# pics from todays work



## zwodubber (Feb 24, 2011)

Started running pipe in a warehouse for panels feeding 10 new RTU's. I'm starting at the farthest 2 panels with 2" EMT. These will run to a pullbox at a third panel 150' away which will add a 2.5" pipe. From there I have 300' more until dropping to the gear.

Branch feeders from the panels to the RTU's come next and then the units will be helicoptered into position on the roof.


----------



## erics37 (May 7, 2009)

Cool, looks clean! I like it.


----------



## HARRY304E (Sep 15, 2010)

zwodubber said:


> Started running pipe in a warehouse for panels feeding 10 new RTU's. I'm starting at the farthest 2 panels with 2" EMT. These will run to a pullbox at a third panel 150' away which will add a 2.5" pipe. From there I have 300' more until dropping to the gear.
> 
> Branch feeders from the panels to the RTU's come next and then the units will be helicoptered into position on the roof.
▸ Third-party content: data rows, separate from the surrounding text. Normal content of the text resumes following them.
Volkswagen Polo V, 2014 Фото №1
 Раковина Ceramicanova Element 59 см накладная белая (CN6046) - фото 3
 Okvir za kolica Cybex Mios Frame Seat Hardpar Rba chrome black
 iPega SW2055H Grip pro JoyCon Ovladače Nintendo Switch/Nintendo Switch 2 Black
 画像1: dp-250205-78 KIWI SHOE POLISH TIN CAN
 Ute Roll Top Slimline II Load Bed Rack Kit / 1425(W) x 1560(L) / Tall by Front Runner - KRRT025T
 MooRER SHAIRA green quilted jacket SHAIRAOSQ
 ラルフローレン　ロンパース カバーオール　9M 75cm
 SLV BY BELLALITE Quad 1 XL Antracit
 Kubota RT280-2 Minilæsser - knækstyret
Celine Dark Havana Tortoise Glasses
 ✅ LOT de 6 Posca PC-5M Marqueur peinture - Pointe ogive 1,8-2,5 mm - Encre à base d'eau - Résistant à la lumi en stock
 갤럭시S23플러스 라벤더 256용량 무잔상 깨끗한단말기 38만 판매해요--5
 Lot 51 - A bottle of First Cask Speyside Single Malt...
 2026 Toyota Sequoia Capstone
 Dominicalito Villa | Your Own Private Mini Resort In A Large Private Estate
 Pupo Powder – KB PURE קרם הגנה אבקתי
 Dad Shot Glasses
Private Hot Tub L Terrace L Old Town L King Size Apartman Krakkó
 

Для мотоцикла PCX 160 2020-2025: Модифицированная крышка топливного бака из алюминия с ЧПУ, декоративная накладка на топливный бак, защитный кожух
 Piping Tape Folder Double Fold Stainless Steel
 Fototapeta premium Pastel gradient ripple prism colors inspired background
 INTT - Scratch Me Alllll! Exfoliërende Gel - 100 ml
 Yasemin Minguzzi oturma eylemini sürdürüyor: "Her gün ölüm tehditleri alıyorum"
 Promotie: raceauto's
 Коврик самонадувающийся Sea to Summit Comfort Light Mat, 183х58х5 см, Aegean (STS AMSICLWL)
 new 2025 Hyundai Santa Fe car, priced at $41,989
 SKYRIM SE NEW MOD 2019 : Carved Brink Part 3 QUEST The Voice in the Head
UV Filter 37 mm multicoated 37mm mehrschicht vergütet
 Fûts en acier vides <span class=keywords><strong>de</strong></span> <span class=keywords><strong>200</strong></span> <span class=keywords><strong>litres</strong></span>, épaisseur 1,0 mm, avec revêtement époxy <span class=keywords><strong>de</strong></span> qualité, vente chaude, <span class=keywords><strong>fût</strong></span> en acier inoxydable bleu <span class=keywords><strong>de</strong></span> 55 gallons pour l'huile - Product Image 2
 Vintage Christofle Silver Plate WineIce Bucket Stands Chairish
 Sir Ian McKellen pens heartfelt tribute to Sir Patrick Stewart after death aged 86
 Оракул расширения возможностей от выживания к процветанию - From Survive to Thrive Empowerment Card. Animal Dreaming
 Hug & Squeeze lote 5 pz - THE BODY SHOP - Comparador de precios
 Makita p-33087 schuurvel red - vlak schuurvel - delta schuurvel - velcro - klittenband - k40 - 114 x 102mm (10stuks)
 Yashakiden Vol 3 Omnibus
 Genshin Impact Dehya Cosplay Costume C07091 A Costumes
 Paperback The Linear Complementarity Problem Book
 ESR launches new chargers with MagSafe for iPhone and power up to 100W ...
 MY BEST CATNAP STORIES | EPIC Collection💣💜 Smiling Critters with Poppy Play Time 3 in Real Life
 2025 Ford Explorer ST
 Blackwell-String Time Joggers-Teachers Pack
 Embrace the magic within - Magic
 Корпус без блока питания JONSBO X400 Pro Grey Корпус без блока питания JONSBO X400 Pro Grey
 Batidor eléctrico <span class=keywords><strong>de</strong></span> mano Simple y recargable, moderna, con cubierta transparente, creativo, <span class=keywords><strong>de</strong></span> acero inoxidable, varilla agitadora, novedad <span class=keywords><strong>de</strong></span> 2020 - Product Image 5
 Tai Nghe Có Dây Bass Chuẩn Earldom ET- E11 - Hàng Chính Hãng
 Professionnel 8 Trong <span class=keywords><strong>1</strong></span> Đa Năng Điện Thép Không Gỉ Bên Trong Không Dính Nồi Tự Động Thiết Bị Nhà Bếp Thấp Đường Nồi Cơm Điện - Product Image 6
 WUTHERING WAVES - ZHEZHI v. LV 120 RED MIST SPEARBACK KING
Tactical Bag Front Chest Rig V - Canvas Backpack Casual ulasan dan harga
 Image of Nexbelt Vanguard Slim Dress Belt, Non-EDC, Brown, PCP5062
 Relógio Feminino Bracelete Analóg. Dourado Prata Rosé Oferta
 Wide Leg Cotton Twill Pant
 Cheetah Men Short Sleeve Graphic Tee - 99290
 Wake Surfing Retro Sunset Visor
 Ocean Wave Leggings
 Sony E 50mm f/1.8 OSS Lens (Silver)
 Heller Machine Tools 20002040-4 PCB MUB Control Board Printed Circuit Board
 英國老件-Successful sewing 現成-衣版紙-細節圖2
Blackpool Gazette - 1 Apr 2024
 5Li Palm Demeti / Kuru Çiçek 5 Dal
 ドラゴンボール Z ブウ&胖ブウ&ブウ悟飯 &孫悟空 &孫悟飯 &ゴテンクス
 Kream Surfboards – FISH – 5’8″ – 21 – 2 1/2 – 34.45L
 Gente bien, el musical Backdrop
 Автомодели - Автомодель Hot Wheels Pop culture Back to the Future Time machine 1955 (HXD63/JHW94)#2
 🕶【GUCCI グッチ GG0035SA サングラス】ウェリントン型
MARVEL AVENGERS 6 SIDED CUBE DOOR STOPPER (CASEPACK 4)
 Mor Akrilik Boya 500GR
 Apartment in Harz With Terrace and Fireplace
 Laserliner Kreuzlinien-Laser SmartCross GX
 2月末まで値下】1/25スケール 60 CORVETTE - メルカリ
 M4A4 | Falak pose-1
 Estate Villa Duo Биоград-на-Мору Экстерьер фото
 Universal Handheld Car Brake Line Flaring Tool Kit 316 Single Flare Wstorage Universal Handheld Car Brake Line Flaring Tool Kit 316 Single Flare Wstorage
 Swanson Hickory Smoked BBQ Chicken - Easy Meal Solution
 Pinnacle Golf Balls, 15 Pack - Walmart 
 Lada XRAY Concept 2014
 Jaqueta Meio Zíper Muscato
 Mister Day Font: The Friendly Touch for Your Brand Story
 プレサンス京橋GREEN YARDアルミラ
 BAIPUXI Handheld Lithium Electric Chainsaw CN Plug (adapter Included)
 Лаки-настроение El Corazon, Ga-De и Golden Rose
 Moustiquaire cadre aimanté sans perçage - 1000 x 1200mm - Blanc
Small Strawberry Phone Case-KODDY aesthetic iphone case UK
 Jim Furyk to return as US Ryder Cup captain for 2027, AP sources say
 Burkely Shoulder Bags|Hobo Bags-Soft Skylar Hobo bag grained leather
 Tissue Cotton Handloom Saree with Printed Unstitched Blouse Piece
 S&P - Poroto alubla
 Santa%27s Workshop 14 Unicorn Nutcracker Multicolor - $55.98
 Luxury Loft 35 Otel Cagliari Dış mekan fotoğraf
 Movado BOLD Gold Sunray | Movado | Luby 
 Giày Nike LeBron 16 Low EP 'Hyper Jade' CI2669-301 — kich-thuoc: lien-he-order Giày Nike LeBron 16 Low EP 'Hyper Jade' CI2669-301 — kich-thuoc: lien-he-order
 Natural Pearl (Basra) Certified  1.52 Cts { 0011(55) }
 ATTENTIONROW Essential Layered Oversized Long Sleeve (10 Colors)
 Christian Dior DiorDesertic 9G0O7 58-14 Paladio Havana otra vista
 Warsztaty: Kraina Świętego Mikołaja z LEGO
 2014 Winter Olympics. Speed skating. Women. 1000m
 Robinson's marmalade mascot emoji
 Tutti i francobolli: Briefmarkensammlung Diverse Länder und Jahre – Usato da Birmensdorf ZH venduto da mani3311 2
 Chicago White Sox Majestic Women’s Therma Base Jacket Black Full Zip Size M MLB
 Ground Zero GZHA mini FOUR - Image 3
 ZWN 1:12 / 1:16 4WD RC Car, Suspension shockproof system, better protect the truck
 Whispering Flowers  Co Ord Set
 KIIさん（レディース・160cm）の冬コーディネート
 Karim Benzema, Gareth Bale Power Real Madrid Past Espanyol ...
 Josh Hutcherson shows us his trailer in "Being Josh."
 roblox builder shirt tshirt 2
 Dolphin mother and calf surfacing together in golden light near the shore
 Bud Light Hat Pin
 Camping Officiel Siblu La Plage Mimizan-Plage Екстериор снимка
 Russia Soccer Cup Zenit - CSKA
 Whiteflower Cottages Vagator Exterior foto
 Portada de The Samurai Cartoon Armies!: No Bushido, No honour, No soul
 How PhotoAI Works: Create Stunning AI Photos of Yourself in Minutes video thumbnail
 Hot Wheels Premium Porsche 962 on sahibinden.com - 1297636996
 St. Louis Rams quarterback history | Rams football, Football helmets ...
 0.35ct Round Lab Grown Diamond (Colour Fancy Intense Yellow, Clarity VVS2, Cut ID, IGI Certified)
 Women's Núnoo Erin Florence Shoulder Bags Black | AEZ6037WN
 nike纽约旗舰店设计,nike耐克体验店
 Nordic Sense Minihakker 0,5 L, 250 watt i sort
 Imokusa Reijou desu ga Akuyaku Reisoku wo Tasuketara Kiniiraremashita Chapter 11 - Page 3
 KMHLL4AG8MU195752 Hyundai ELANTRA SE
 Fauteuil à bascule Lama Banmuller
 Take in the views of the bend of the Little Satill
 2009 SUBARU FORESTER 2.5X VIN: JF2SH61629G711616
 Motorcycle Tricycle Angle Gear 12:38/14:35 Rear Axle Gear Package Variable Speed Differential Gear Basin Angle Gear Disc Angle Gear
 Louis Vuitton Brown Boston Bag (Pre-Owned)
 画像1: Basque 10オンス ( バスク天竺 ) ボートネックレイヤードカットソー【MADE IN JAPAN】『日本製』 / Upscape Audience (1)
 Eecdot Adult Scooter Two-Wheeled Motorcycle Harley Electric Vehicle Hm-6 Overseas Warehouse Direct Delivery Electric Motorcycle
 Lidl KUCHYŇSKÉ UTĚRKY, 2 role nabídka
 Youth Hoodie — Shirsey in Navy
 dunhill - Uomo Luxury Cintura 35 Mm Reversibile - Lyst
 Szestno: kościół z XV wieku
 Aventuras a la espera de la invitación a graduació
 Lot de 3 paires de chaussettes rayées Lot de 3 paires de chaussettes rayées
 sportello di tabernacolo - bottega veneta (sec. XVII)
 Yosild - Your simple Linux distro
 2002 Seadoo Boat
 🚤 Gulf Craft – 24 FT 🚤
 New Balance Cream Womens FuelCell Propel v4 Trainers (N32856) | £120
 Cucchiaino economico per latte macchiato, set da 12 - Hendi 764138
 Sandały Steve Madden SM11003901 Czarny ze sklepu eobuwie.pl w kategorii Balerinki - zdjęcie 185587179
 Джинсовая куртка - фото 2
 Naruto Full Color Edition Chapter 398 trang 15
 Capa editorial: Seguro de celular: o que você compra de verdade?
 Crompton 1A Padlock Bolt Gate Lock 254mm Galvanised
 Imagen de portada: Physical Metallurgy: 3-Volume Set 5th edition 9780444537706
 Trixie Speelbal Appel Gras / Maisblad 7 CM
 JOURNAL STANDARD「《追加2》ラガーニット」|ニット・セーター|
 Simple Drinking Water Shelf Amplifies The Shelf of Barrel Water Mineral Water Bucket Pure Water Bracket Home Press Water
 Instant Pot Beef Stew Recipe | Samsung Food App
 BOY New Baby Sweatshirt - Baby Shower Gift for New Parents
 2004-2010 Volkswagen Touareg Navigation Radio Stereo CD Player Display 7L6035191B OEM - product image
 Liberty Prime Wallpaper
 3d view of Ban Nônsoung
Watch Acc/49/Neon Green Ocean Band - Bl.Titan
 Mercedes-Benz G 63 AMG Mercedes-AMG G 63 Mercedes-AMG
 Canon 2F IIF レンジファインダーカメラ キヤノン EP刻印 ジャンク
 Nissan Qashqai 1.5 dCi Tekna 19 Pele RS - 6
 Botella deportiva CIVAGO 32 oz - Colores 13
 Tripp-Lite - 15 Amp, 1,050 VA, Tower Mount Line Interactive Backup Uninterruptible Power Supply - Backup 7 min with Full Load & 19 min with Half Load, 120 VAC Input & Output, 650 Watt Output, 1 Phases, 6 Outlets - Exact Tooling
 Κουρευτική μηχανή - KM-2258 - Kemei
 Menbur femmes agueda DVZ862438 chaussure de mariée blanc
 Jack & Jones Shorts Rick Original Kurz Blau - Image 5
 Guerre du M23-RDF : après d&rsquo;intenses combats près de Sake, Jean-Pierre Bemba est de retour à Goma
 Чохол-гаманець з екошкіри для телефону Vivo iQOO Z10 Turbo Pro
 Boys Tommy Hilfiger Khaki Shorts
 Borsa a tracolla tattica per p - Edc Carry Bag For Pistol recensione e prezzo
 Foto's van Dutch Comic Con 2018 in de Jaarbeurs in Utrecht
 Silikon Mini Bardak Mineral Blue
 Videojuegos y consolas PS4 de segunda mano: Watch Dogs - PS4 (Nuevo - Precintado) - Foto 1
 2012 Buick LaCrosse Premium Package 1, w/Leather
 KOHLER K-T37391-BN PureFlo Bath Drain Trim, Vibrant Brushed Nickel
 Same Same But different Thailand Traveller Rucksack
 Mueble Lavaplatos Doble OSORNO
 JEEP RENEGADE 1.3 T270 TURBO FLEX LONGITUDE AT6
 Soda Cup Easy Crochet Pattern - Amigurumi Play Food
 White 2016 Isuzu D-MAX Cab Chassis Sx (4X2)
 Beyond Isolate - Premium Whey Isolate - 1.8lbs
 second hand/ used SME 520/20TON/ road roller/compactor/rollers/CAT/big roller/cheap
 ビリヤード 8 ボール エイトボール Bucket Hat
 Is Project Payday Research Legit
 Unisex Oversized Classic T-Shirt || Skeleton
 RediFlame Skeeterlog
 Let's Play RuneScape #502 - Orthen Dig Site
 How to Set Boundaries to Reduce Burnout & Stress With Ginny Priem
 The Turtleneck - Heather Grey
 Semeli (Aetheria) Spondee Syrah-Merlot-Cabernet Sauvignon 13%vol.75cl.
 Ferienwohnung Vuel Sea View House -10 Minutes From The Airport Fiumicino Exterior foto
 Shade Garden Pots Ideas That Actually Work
Are you using that 3/4" bender to bend that 4" pipe??:blink:


:laughing::laughing::laughing:


----------



## HARRY304E (Sep 15, 2010)

Looks like some fun work...:thumbup:


----------



## McClary’s Electrical (Feb 21, 2009)

zwodubber said:


> I'm starting with 2" EMT.





HARRY304E said:


> Are you using that 3/4" bender to bend that 4" pipe??:blink:
> 
> :


Alcohol kills braincells


----------



## 480sparky (Sep 20, 2007)

HARRY304E said:


> Are you using that 3/4" bender to bend that 4" pipe??:blink:
> 
> 
> :laughing::laughing::laughing:



Good electricians can. :thumbsup:


----------



## BBQ (Nov 16, 2010)

zwodubber said:


>


If you worked for us I would tell you to get that bender on the inside of the lift .... and yes I know the handle is just a little long for it to hang inside.


----------



## HARRY304E (Sep 15, 2010)

mcclary's electrical said:


> Alcohol kills braincells


Keep listening to that RAP music...:laughing:


----------



## chicken steve (Mar 22, 2011)

i never thought of a vice setup on a lift.......~CS~


----------



## McClary’s Electrical (Feb 21, 2009)

HARRY304E said:


> Keep listening to that RAP music...:laughing:


See what i mean? perfect example Everybody here knows what kind of music i like.


----------



## HARRY304E (Sep 15, 2010)

chicken steve said:


> i never thought of a vice setup on a lift.......~CS~


That's a cool Idea..:thumbsup:


----------



## 480sparky (Sep 20, 2007)

chicken steve said:


> i never thought of a vice setup on a lift.......~CS~


I have all sorts of vices.

But I'd rather see a vise on a lift.


----------



## BBQ (Nov 16, 2010)

chicken steve said:


> i never thought of a vice setup on a lift.......~CS~


Understand I am not saying I have never sinned but in all likelihood you could get an OSHA fine for that.

Just like the NEC requires we use listed equipment as intended OSHA requires we follow the lift manafacturers instructions. I would bet all prohibit accories added to the rails.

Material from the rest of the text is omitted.